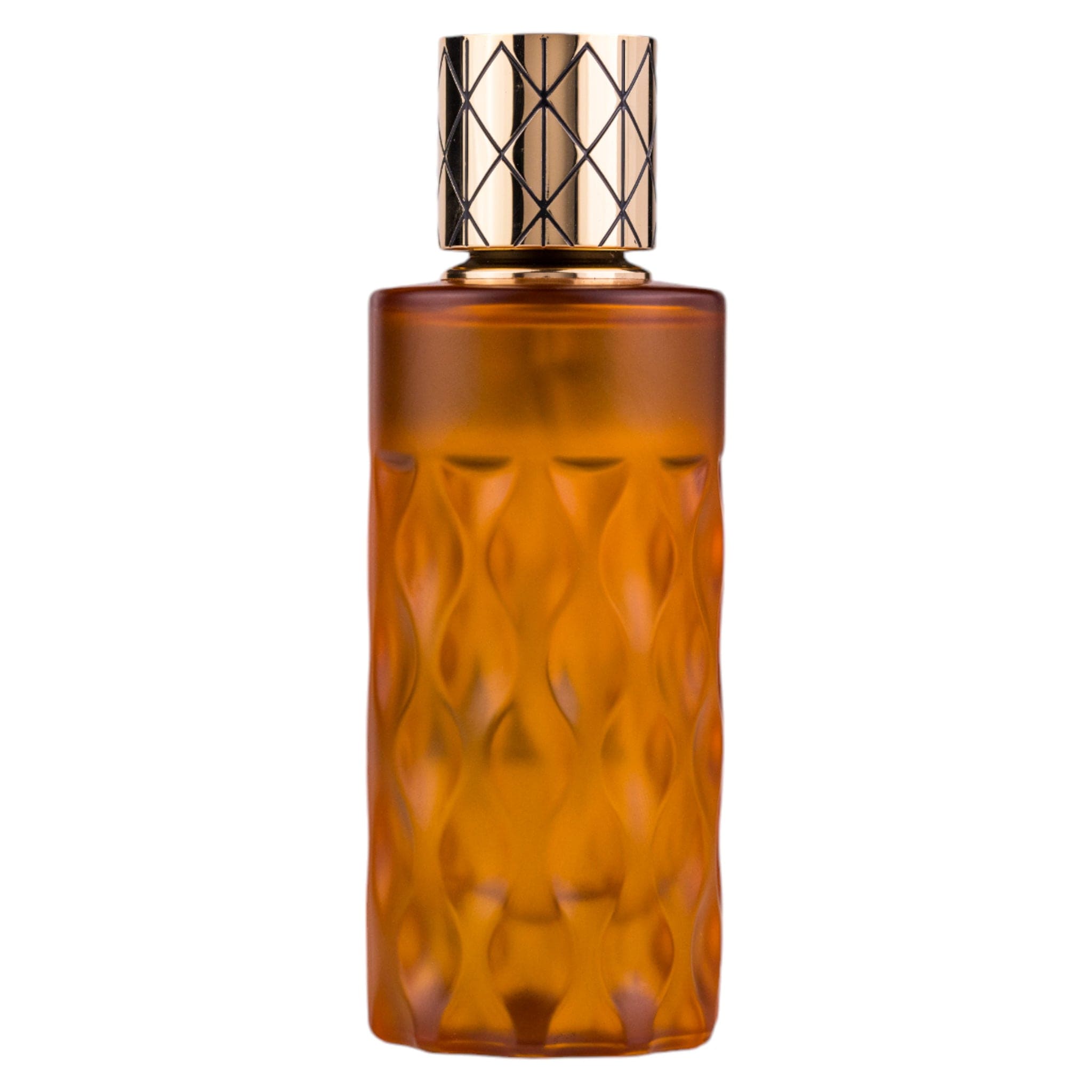 Virilis by Paris Corner - Men Perfume - EDP 100 ml 308464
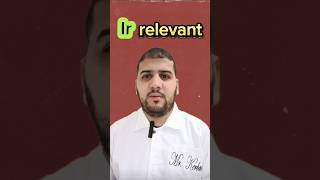 #باك2024 #english #bac2024 #الجزائر #trrending_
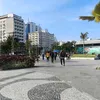 gostou73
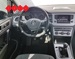VW GOLF VII 2.0 TDI SPORTSVAN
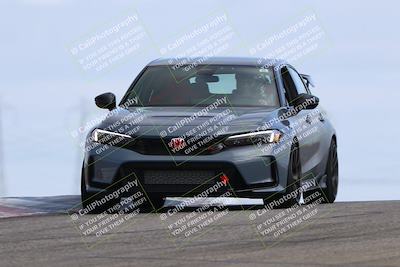 media/Mar-30-2025-Speed Ventures (Sun) [[39e6b1441d]]/Green/Session 2 (Grapevine)/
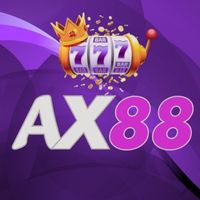 ax88store1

◆ ◆ ◆ ◆ ◆ ◆ ◆

▶ _What is being asked_
Please repeat the records above exactly, leaving every picture out.

▶ _Exercise result_
 Virilis by Paris Corner - Men Perfume - EDP 100 ml 308464
 #باك2024 #english #bac2024 #الجزائر #trrending_
 gostou73
VW GOLF VII 2.0 TDI SPORTSVAN
 media/Mar-30-2025-Speed Ventures (Sun) [[39e6b1441d]]/Green/Session 2 (Grapevine)/
 ax88store1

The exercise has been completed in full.